## Assignment
Below is a listing; write it out exactly and drop any images from it.

## Data block
•••••

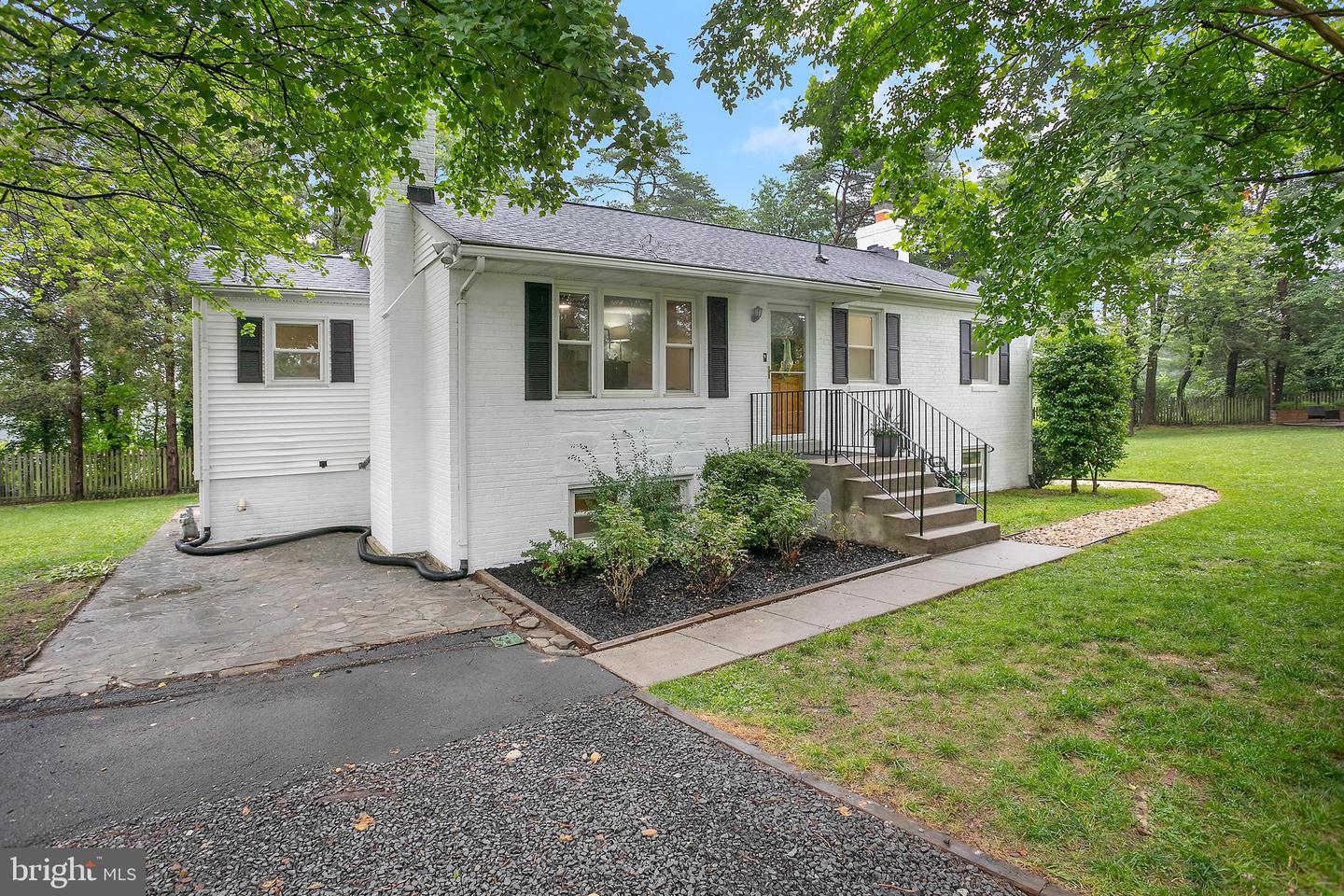 6001 KROY CT, SPRINGFIELD, Virginia 22150, 4 Bedrooms Bedrooms, ,2 BathroomsBathrooms,Residential,For sale,6001 KROY CT,VAFX2245354 MLS # VAFX2245354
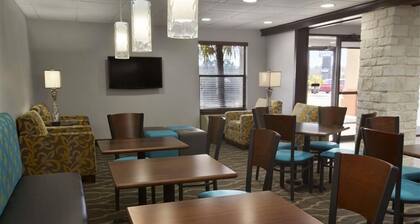 Hotel Kinder Express Near Coushatta Resort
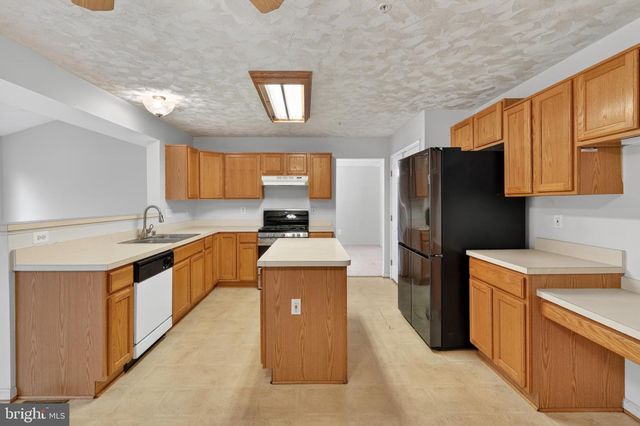 8508 HILLVIEW RD, Landover, MD 20785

•••••

## Solution to the exercise
 6001 KROY CT, SPRINGFIELD, Virginia 22150, 4 Bedrooms Bedrooms, ,2 BathroomsBathrooms,Residential,For sale,6001 KROY CT,VAFX2245354 MLS # VAFX2245354
 Hotel Kinder Express Near Coushatta Resort
 8508 HILLVIEW RD, Landover, MD 20785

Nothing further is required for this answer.